Use 2pq for the heterozygous genotype frequency.
The expected heterozygous frequency is 2pq. Using p = 0.7 and q = 0.3, 2pq = 2(0.7)(0.3) = 0.42, so 42 percent of the population is expected to be heterozygous. - 10
List two conditions required for Hardy-Weinberg equilibrium and explain why a population that violates these conditions may evolve.
Hardy-Weinberg equilibrium describes a population that is not changing genetically.
Two required conditions are no natural selection and no migration, although other conditions include no mutation, random mating, and a very large population. If these conditions are violated, allele frequencies can change over time, which means the population is evolving. - 11
A mutation changes a gene in a way that gives some bacteria resistance to an antibiotic. When the antibiotic is used, resistant bacteria survive and become common. Explain the roles of mutation and natural selection in this process.
Mutation created the new resistant variation in some bacteria. Natural selection increased the frequency of that variation because resistant bacteria survived antibiotic treatment and reproduced more successfully than nonresistant bacteria. - 12
A phylogenetic tree shows that lizards and snakes share a more recent common ancestor with each other than either shares with turtles.
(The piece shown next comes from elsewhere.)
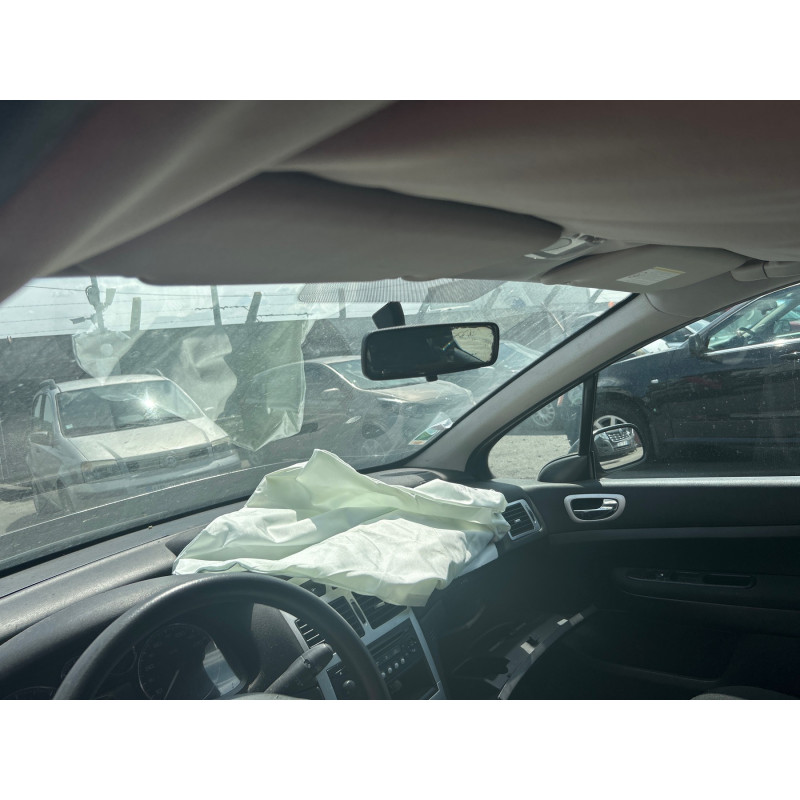 Renfort pare choc arriere (traverse) PEUGEOT 307 Photo n°1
Explain how the tree supports this conclusion.
In a phylogenetic tree, nodes represent common ancestors.
The tree supports this conclusion if the branches for lizards and snakes meet at a node that is closer to the present than the node connecting them with turtles. A more recent node represents a more recent common ancestor. - 13
Two populations of the same salamander species are separated by a mountain range. After many generations, they can no longer interbreed successfully. Describe the type of speciation and the role of isolation.
This is allopatric speciation. The mountain range created geographic isolation, which prevented gene flow between the populations. Over time, mutations, natural selection, and genetic drift caused enough differences that the populations became separate species. - 14
Peacocks with larger, brighter tails attract more mates, but the tails can make it harder to escape predators. Identify the evolutionary mechanism and explain the tradeoff.
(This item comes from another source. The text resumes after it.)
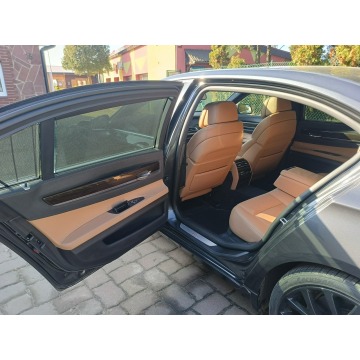 BMW Seria 7  Sedan/Limuzyna 2009,  44.0 benzyna, automat - Na sprzedaż za 74 000 zł - Gizałki - zdjęcie 11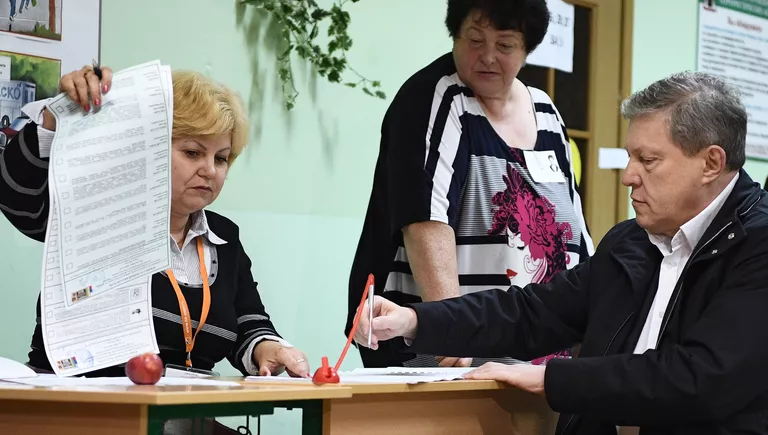 Председатель Федерального политического комитета партии Яблоко Григорий Явлинский в единый день голосования на избирательном участке №2579 в Москве Председатель Федерального политического комитета партии Яблоко Григорий Явлинский в единый день голосования на избирательном участке №2579 в Москве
Some traits spread because they increase mating success, even if they have survival costs.
The mechanism is sexual selection. Large, bright tails may increase reproductive success by attracting mates, but they can also reduce survival by making the animal more visible or less agile around predators. - 15
A cave fish population has reduced eyes and very pale body color compared with closely related surface fish. Give one evolutionary explanation for these traits and include a mechanism that could cause them to become common.
In dark caves, eyes and pigmentation may provide little advantage, so mutations reducing these traits may not be strongly selected against. Genetic drift could make these traits common in a small cave population, or natural selection could favor energy savings if reduced eyes are beneficial.